At ten minutes after four the slack line twitched. I tested the tension cautiously. It was still through the underlip. I shooed Puss into the master stateroom and invited Preston LaFrance into the lounge. He came in, grinning, hesitant. A gaunt and ugly and sandy one. Maybe the young Sinclair Lewis, if the old photographs are accurate. Fifty percent hick. Fifty percent con artist. Cowlick. Long lumpy face. Lantern jaw. Nervous cough. Ploughboy hands. Brash sports jacket with the wrong button buttoned. A gangly diffidence overlaying a flavor of confidence. When he looked around the lounge, his expression vague, I had the feeling he saw everything that had any bearing on his own aims and motives, and could price the whole layout within plus or minus three percent.
His big hand was warm, dry and utterly slack. "Mr. McGee, we seem to be aiming in kind of the same di rection on a little matter, and what I thought, I thought it might be time to see if we can eat out of the same dish or spill the dinner."
"I guess that depends on how hungry we are, LaFrance. Sit down. Get you a drink?"
"Mostly I'm called Press. Short for Preston. Thank you kindly, and if you would have such a thing as a glass of milk, that would be fine. I had an ulcer and got over it, and they tell me sipping milk instead of kitchen whisky will keep me from having the next one. And I guess you've upped my milk bill by maybe half, Mr. McGee."
"Mostly I'm called Trav. Short for Travis. And we stock milk because there is very little damn else you can put on cornflakes."
"You are so right!"
I brought him his glass of milk, and a beer for me. He sat on the long yellow couch. I pulled a chair a little too close, turned the back toward him and straddled it, forearm along the back of the chair, chin on the forearm, expression politely expectant and benign. It put my face two feet from his, and six inches higher, with the brightest window right behind me.

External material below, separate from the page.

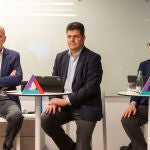 De izquierda a derecha: Iñigo Soto, CEO de Helvetia Seguros; Juan Estallo, consejero delegado de Helvetia en España; y Antonio García, director financiero de Caser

Closeness is a tactical weapon. We do not like our little envelope of anticipated separation and privacy penetrated. It is a variable distance, depending on the needs and necessities of the moment. We endure the inadvertent pressure of the flank of the office worker in the crowded down-elevator at five o'clock. If we are alone with the office worker, if it is male-without overtones of fag-then it is insolent challenge, demanding action. Being jostled in a crowded airport is acceptable; on a wide and empty sidewalk it is not. A fixed stare is a form of penetration -of the envelope, carrying different messages according to the sort-out of sex, station, race, ages and environment.
Always we want some separation, some tiny measure of distance regardless of how clumsily our culture mechanizes an inadvertent togetherness. The only exception time is when sex is good in all dimensions, so that even in the deepest joining there is the awareness of that final barrier, an aparmess measured by only the dimension of a membrane, and part of the surge of it is a struggle to overcome even that much apartness.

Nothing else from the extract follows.